Server clock vs. Language clock

If the Patterns run independently from your live input, the latency can be just as high as needed

The challenge is to start a pattern when I play a note on guitar (depending on the analyzed midinput). When this happens, the clock’s beats is set to 0 and the pattern is played on the clock with quant: 1, ergo immediate execution. Any latency other than nil will add to the latency of the first downbeat of the pattern. With latency = nil, the overall latency, judging from looking at the recorded audio in a sample editor, is around 30 ms of which the audio to midi conversion is responsible for 20-25 ms. With a latency of e.g. 0.03, the latency would double which is undesirable. I am messing around with a hacky way of dealing with it: s.latency = nil for the first downbeat, then 0.1 beats later set the latency to 0.03 and leave it there.

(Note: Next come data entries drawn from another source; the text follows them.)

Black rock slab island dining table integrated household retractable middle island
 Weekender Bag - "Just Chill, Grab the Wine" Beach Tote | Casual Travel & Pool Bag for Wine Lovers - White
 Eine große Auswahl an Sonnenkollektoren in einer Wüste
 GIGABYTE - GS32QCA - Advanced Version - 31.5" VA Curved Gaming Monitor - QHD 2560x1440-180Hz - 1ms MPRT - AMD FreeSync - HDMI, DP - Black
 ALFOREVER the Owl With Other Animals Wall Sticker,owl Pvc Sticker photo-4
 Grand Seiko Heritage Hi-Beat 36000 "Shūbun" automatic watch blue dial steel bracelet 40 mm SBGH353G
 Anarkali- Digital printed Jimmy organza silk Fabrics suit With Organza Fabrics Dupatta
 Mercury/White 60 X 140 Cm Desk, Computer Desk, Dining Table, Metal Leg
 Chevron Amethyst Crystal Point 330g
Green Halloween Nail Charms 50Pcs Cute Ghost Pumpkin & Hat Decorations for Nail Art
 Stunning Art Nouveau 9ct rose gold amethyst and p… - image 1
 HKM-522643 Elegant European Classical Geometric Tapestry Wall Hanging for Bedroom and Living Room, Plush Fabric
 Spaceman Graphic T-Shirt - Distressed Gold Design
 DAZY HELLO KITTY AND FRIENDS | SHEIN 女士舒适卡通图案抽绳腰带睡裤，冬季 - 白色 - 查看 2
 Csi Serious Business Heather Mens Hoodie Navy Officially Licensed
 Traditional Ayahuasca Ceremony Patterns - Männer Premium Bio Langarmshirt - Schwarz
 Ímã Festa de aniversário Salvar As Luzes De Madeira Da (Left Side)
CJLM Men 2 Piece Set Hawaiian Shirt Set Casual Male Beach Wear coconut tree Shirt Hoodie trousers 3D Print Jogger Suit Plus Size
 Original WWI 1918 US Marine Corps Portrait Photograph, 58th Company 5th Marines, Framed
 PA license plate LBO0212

The timing will of course be a little strange in the very beginning of the pattern but my initial test seem to indicate that this is less of a perceptual problem than one would think. Once the pattern is going, the latency is much less of a an issue. I noticed that regardless of latency setting (if other than nil) the reported times from the server are less than the latency settings. Eg. with a latency of 0.2 the server time stamps are consistent around of value of approx 0.175 added to each beat. I wonder why it is not closer to 0.2? I know the difference is small, just wondering…

if you want to minimize overall latency, you first need to figure out the lowest possible hardware buffer size that gives a stable audio signal without dropouts.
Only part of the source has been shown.